┌──

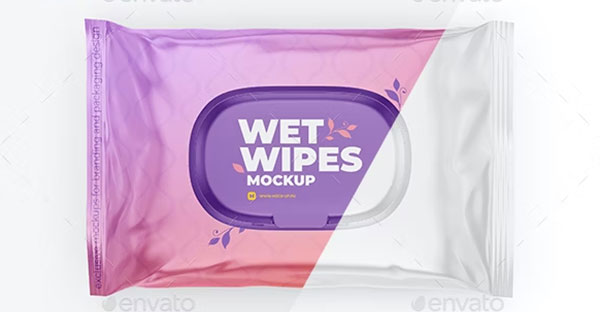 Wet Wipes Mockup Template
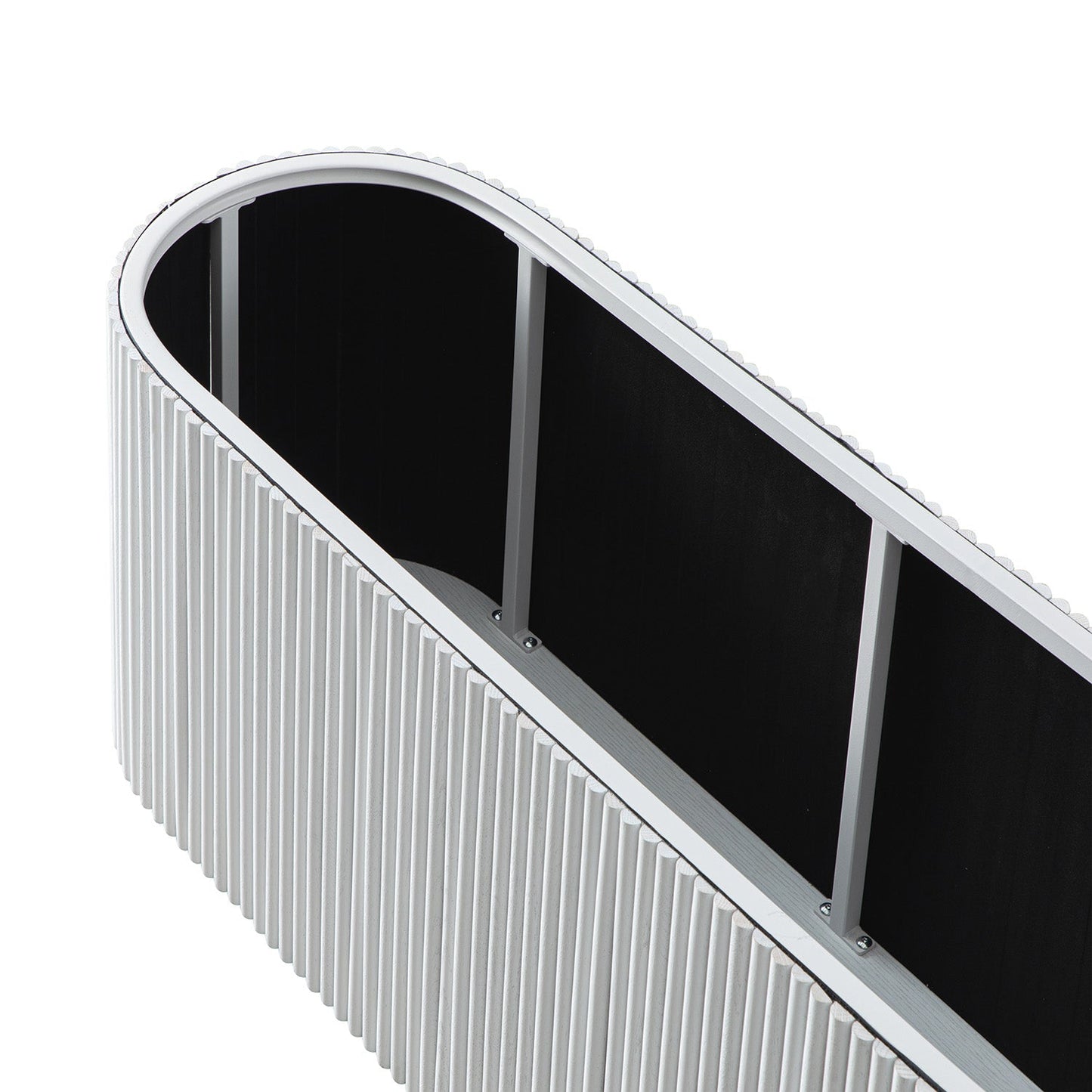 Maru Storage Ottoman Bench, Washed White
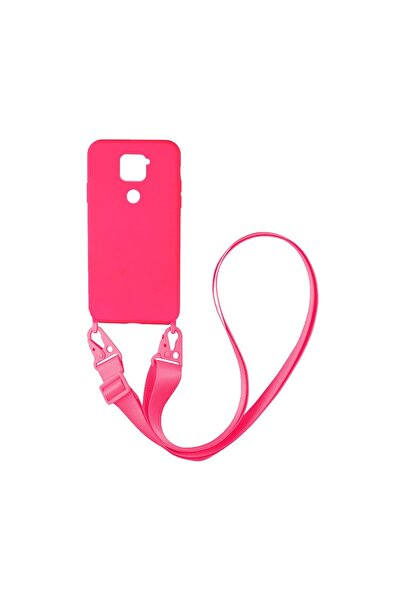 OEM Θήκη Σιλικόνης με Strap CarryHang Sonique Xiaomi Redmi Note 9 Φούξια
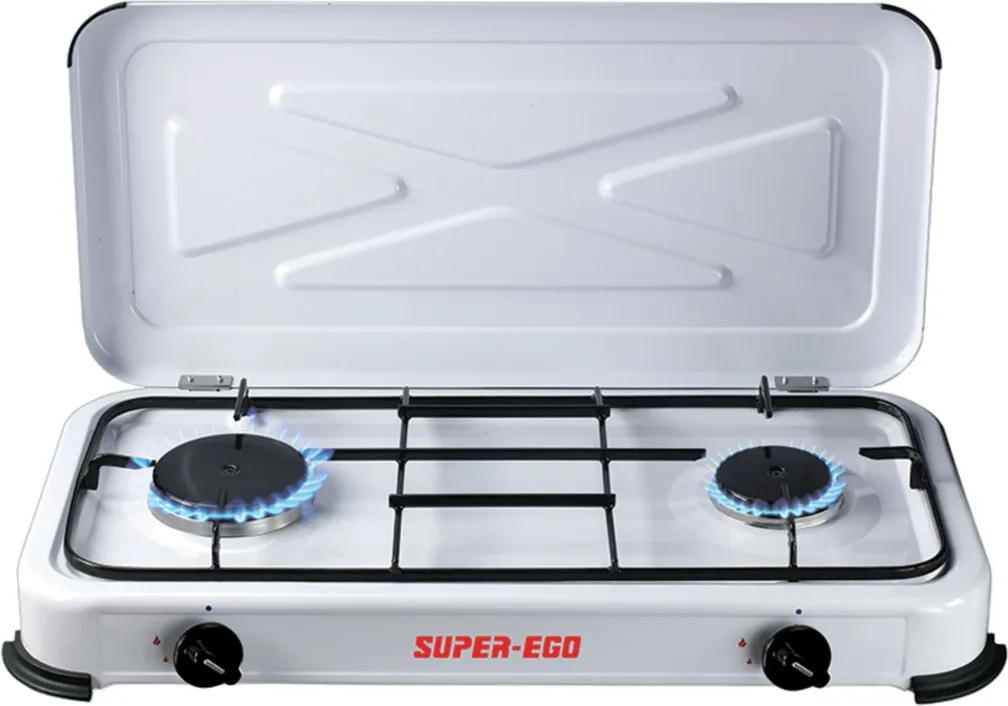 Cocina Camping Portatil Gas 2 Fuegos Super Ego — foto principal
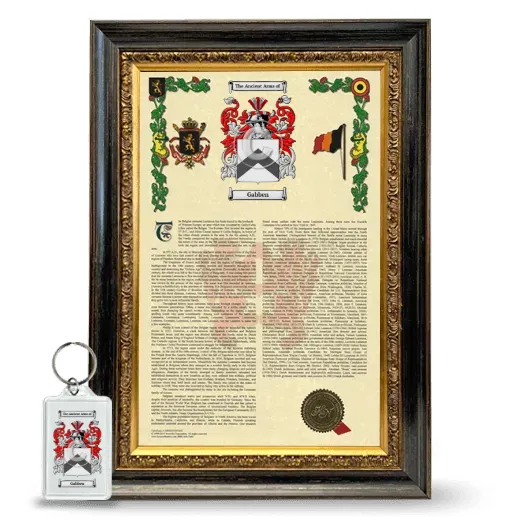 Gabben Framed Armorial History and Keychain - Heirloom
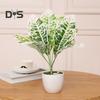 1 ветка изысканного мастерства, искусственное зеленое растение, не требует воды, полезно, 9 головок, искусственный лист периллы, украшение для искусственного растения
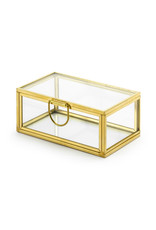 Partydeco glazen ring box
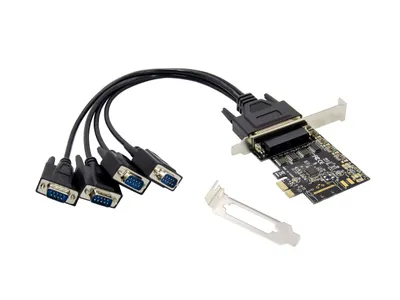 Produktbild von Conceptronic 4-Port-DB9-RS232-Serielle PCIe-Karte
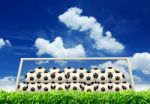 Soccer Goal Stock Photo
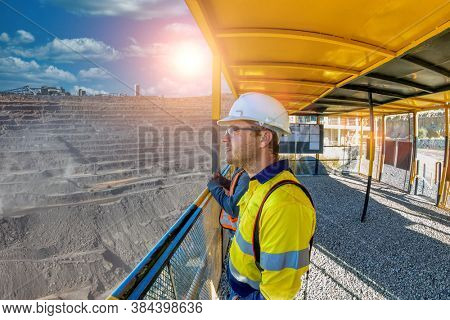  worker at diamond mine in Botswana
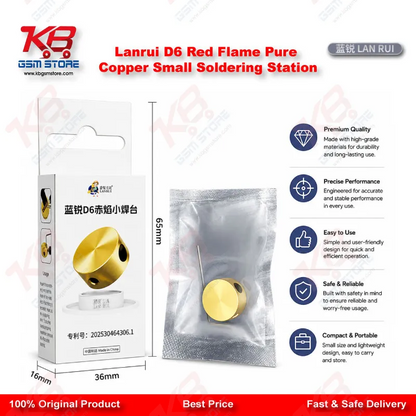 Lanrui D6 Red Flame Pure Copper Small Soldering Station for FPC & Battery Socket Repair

└──
┌──

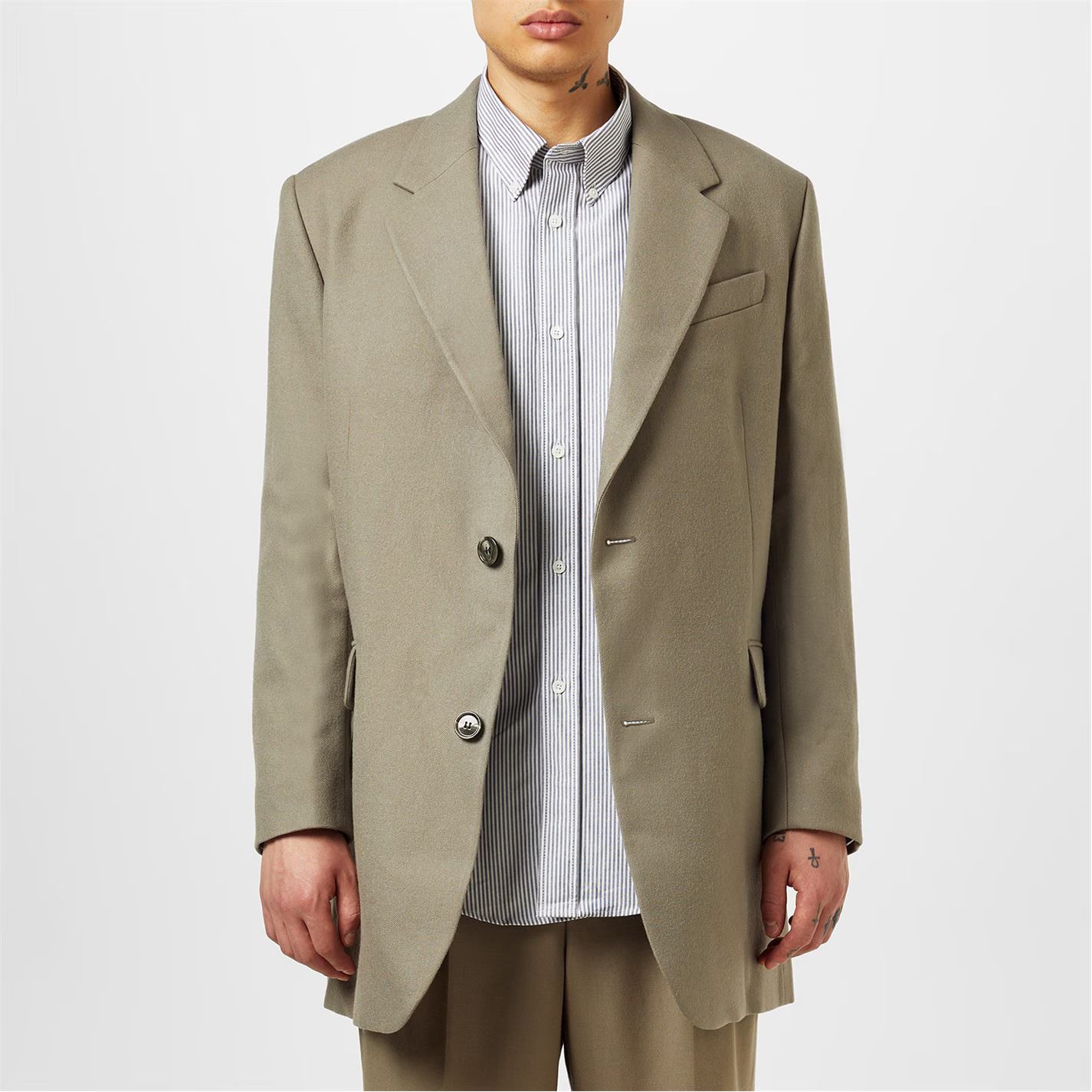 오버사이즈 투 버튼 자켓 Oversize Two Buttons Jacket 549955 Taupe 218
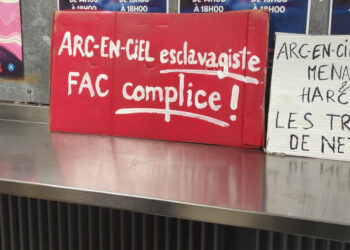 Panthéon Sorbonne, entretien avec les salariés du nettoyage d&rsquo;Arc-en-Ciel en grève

└──

Exercise - In the material above, which lines fall between the one holding "오버사이즈 투 버튼 자켓" and the one holding "Panthéon Sorbonne, entretien", inclusive? Print exactly those, with the pictures left out.

Reply to the exercise -
 오버사이즈 투 버튼 자켓 Oversize Two Buttons Jacket 549955 Taupe 218
 Panthéon Sorbonne, entretien avec les salariés du nettoyage d&rsquo;Arc-en-Ciel en grève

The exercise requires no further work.